# Avet mxl



## ZZiplex (Aug 10, 2007)

Great reel the avet mxl mc. Made an upgrade for the spoolbearing, open ceramic bearing, oil tsi 301 in the bearings, and this reel come alive. The avet reel outcast the penn 525 mag easily. On the grass about 230 yds. I'm happy.


----------



## tjbjornsen (Oct 31, 2009)

So you like that TSI 301, hey?
I used it in my Akios 757 and it just made it too fast for me.
Maybe I was missing something, but boy did it make it an unmanegable beast!
Went back to Rocket Fuel and it went back to normal.
Not tried it in my Avet yet.


----------



## ZZiplex (Aug 10, 2007)

tjbjornsen said:


> So you like that TSI 301, hey?
> I used it in my Akios 757 and it just made it too fast for me.
> Maybe I was missing something, but boy did it make it an unmanegable beast!
> Went back to Rocket Fuel and it went back to normal.
> Not tried it in my Avet yet.


The avets mc are in my opinion a little overmagged. A new fast ceramic bearing with the TSI 301 makes the reel faster but not as fast like a'n abu for example. What about freespool for two to three minutes for a hot abu. My avets sx and mxl mc has much much shorter freespool, about a few seconds, but all the reels casts over the 210 yds. So my question is: who worries about long freespool?


----------



## castingsfun (May 28, 2010)

I'm calling BS on this one. The 525 mag
is untamed.


----------



## tjbjornsen (Oct 31, 2009)

Uh, geeezzz... I don't know about that.
I don't have as many years under my belt with conventionals as most guys on this site, but I can throw my Avets a heckuva lot further than I can throw my Penns.
And with a lot less drama to boot.
The only thing I can throw further are my Abus and it ain't by much.
In the end I think a lot of this comes down to personal preference, and there are certainly a lot of different colored horses in the barn to choose from...

ZZiplex,
I'm going to try the TSI in the Avets and see what I get. 
Thanks,
TjB


----------



## AbuMike (Sep 3, 2007)

A 3-4 min free spool means absolutely nothing when casting a fishing reel from the sand with a stiff wind in your face. Well let me rephrase......it does mean disaster.....The Avet may seem to most to be a tad over magged. These reels are packed well with speed robbing grease. Just take it out and give it a couple dozen good casts and it will come to life. The grease is in there for a reason...


----------



## ZZiplex (Aug 10, 2007)

AbuMike said:


> A 3-4 min free spool means absolutely nothing when casting a fishing reel from the sand with a stiff wind in your face. Well let me rephrase......it does mean disaster.....The Avet may seem to most to be a tad over magged. These reels are packed well with speed robbing grease. Just take it out and give it a couple dozen good casts and it will come to life. The grease is in there for a reason...

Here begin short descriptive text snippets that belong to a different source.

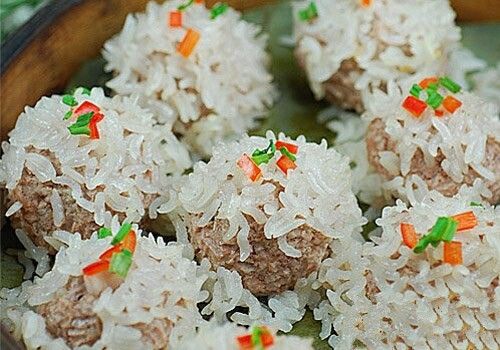 ���ټ���ʳ�� ���������� www.027eat.com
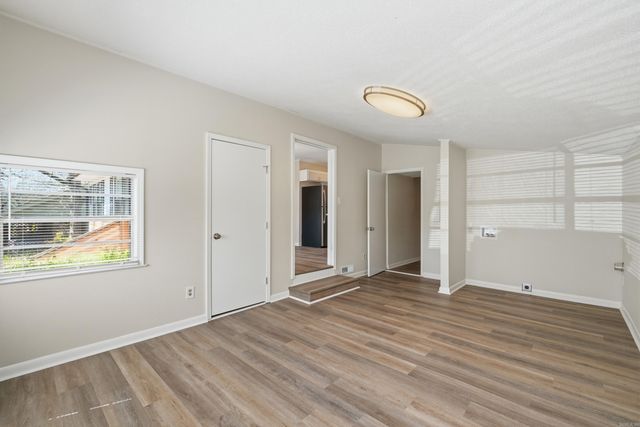 7700 Harmon Drive, Little Rock, AR 72227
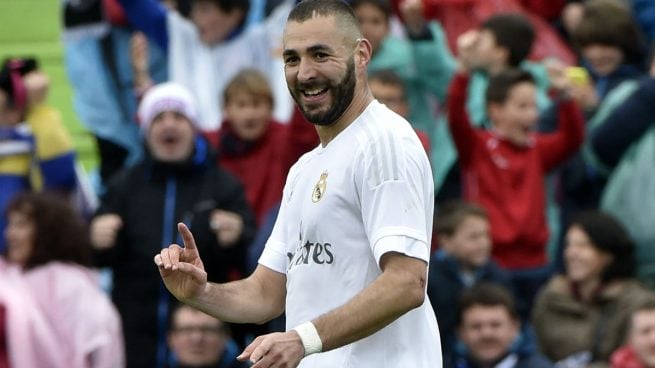 karim-benzema-getafe-real-madrid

Yes I agree with that. But I like to have the spoolbearings open, with no grease. Then I lube the spoolbearings for saltwater protection. The avets without MC are too fast for me, two min freespool means disaster for me. Unless fishing them on a boat. I also greased the internal parts of the reels for saltwater protection. I feel very comfortable now with my avets for my kind of fishing. They cast like a dream now.


----------



## castingsfun (May 28, 2010)

The mxl is a large reel. I see it as being 
A beach shark reel. Ounce you hit that rod
and have the reel on A fast setting it'll over
revolve for the reason of the heavy spool. It
has to be slowed physically or through what
ever magnetic breaking system it has built
inside it. By doing that you'll be robbing it
from distance.

The 525 mag is A different animal. that smaller
lighter spool will slow down all on it's own. It
gives you the option of hitting the rod that
much harder with having less control issues.

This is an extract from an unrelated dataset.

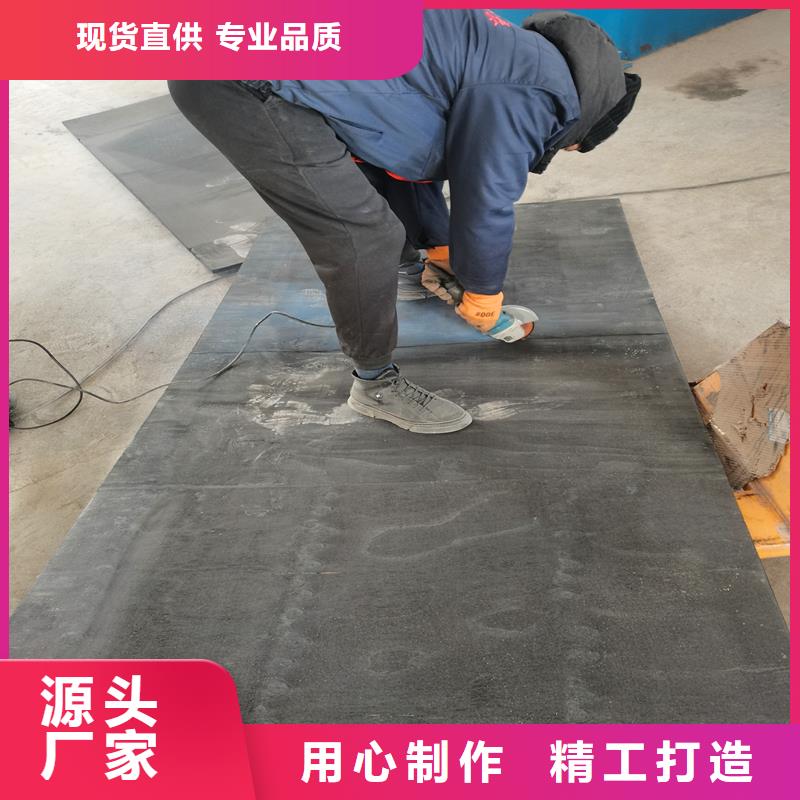 聚乙烯閉孔泡沫板工廠直銷廠家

The sx would be more insimilarity to the
525 mag and at the moment I am saying
that it will out cast the mxl, but not the
Penn. I also am saying Penn broke the mold
when they made this reel.

Just one persons opinion.


----------



## ZZiplex (Aug 10, 2007)

The Penn 525 mag is about 17 oz; the avet mxl about 18 oz. I have two penn 525 mags, good reels, but my avets now are outcasting the penns by far.


----------



## castingsfun (May 28, 2010)

I'm still having A hard time believing this. 

Prove it.


----------



## castingsfun (May 28, 2010)

Maybe next to A 535 gs


----------



## ZZiplex (Aug 10, 2007)

castingsfun said:


> I'm still having A hard time believing this.
> Prove it.


Take a plane and come to the casting field. The field is about 300 yds; too short for your penn 525 mag cast? 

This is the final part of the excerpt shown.